> PROBLEM STATEMENT
Retype, word for word, each line between the lines holding "Kingston Technology 256GB" and "St Johns Bay", inclusive, and leave the rest of the data alone.

Stored items from a collection:

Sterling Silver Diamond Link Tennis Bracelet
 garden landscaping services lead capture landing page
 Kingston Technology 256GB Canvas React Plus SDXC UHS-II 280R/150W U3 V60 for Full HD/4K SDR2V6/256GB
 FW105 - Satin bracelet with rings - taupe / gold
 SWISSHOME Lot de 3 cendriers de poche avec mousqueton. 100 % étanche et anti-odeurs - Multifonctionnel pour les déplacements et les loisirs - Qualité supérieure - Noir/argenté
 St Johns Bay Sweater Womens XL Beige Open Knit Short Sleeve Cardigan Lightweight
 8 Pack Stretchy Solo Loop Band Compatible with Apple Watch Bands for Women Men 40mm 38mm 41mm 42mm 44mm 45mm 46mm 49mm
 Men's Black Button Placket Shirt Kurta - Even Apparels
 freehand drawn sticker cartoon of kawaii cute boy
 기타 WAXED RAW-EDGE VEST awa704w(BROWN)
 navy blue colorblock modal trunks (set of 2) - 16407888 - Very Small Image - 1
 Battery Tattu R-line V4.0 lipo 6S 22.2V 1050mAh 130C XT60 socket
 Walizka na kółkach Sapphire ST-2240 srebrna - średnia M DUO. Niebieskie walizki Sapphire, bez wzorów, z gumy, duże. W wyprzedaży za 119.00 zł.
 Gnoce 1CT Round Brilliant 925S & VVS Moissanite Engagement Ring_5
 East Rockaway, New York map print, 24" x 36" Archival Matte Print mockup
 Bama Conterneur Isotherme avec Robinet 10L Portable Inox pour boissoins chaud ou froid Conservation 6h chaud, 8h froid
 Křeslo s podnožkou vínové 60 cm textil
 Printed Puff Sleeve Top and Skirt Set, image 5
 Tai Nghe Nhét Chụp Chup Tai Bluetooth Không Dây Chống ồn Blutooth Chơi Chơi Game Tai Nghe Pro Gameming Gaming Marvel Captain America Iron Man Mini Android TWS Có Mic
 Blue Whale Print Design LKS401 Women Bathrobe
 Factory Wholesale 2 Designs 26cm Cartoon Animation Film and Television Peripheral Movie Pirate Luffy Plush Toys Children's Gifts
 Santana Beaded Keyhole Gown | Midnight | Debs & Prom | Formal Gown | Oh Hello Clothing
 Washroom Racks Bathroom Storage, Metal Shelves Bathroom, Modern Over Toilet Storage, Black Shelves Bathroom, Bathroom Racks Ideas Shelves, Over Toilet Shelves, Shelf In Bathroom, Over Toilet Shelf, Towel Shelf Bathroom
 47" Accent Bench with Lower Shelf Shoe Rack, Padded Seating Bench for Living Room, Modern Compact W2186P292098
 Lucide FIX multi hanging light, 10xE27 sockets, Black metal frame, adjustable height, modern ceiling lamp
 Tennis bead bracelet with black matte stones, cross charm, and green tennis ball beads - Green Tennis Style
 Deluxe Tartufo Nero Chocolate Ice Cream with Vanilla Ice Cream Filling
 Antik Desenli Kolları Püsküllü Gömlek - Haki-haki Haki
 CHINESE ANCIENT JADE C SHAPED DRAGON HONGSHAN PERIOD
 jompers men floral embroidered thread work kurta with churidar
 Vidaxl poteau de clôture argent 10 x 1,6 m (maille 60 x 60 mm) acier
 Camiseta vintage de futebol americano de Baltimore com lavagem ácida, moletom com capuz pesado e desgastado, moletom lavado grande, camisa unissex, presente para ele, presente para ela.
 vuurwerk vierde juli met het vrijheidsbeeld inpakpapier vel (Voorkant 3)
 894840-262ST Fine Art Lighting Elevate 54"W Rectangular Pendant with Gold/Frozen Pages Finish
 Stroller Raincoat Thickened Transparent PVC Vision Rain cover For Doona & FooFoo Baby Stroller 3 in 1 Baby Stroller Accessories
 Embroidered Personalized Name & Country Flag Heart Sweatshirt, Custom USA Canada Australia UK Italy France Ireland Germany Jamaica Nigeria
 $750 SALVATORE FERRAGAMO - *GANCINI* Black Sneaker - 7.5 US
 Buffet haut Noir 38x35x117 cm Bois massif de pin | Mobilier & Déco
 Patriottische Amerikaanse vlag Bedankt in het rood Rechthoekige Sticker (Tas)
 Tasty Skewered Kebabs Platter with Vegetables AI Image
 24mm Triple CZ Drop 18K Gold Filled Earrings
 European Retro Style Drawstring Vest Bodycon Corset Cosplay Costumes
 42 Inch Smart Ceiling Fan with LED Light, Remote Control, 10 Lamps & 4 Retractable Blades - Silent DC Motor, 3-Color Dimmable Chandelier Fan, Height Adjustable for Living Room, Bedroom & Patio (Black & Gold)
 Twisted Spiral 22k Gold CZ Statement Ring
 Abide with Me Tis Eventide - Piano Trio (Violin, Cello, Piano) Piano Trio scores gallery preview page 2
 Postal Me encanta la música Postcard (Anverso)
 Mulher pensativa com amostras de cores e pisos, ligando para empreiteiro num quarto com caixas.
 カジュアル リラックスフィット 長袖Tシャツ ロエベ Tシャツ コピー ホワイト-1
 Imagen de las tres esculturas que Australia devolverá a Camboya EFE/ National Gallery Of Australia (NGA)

> WRITTEN RESPONSE
 Kingston Technology 256GB Canvas React Plus SDXC UHS-II 280R/150W U3 V60 for Full HD/4K SDR2V6/256GB
 FW105 - Satin bracelet with rings - taupe / gold
 SWISSHOME Lot de 3 cendriers de poche avec mousqueton. 100 % étanche et anti-odeurs - Multifonctionnel pour les déplacements et les loisirs - Qualité supérieure - Noir/argenté
 St Johns Bay Sweater Womens XL Beige Open Knit Short Sleeve Cardigan Lightweight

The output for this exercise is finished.